Controlling over 60 percent of the search engine market in China (as opposed to Google’s 30 percent), Baidu’s search engine is interfaced with, and partly powered by, its hugely successful online communities. The largest of these online communities is devoted to the popular American computer game World of Warcraft. It is a gaming community where apparently, members are not interested in social or political issues. Yet, as I have written elsewhere, it is in this community that one of the most influential internet incidents of 2009 happened.
In that incident, an anonymous user of a popular Baidu forum posted a message on July 16, 2009, titled “Jia Junpeng, your mother wants you to go home to eat.” The message has only twelve Chinese characters in its title and no other content. Yet, it received seven million hits and 300,000 comments within one day. Large portal sites like sina.com, netease.com, people.com and newspapers like Southern Metropolis began to cover it, adding to its popularity. A cryptic posting was thus turned into a national media event.
As a result of this incident, a bizarre and seemingly meaningless posting became a powerful symbol for expressing dissension. To petition for the release of a detained blogger, a group of blogger-activists substituted the detainee’s name for the unknown Jia Junpeng and sent postcards to the police station with the following words: “Guo Baofeng, you mother wants you to go home to eat.” A week later, the detained blogger was released.
This is just one of many cases of creative appropriation of an apparently innocuous internet space for political expression. My point is not that gaming communities are adequate for political participation. Far from it. Rather, I am making a point about the availability of the information infrastructure (which also happens to be a social network). Chinese netizens, however earnestly they might wish to communicate, would be quite hapless without online communities, blogs, and bulletin boards. The infrastructure has to be there in the first place for them to do anything. That they have become a vociferous force for social change, and one which, more and more, must be reckoned with by the government, is due in no small measure to their ability to skillfully negotiate a Chinese network infrastructure that is built not for political participation, but for commerce.
Google’s exit from China may have little effect on the negative freedom of Chinese netizens if it does not change the ways the state regulates the internet. However, it may amount to a major loss to netizens engaged in pursuits of positive freedom. There is an elective affinity between Google’s creativity and the creativity of Chinese netizens. Chinese netizens will still be creative, but they will miss Google tools should these tools become unavailable. The Chinese search engine market will become less competitive and thus even more susceptible to political control. All this may result in the shrinking, not expanding, of people’s horizons and engagement with the world.
It is hard to imagine Google continuing to operate in China by censoring its search engine as if nothing had happened. But neither can I imagine Google retreating into its inner citadel. I find it unlikely, as Isaiah Berlin might put it, that when faced with two methods of freeing itself from the pain of a wounded leg, one of difficulty and uncertainty of finding a cure, the other of cutting it off, Google will opt for the second. Perhaps we will soon see another moment of Google creativity.
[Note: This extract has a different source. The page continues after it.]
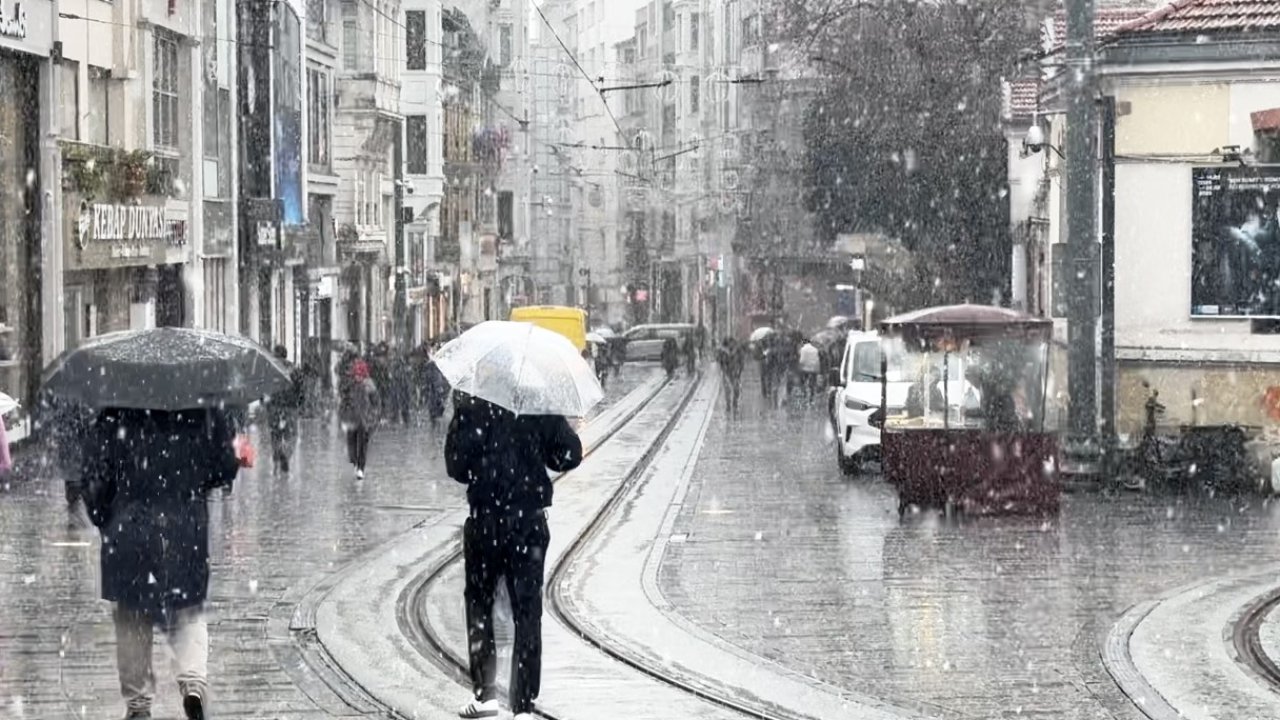 Taksim’de kar yağışı etkili olmaya başladı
Google’s future in China also depends on the responses of the Chinese government. As the Green Dam case shows, Chinese state authorities have demonstrated some degree of flexibility in responding to citizen demands and inputs. The Chinese government itself has initiatives to strengthen the channels of state-citizen communication, such as by promulgating information disclosure acts and institutionalizing public hearings on the environmental impact of construction projects. Google’s refusal to censor its Chinese search engine is consistent with Chinese citizens’ broad demands for openness, transparency, and speech freedom, and should be taken just as seriously as those popular demands.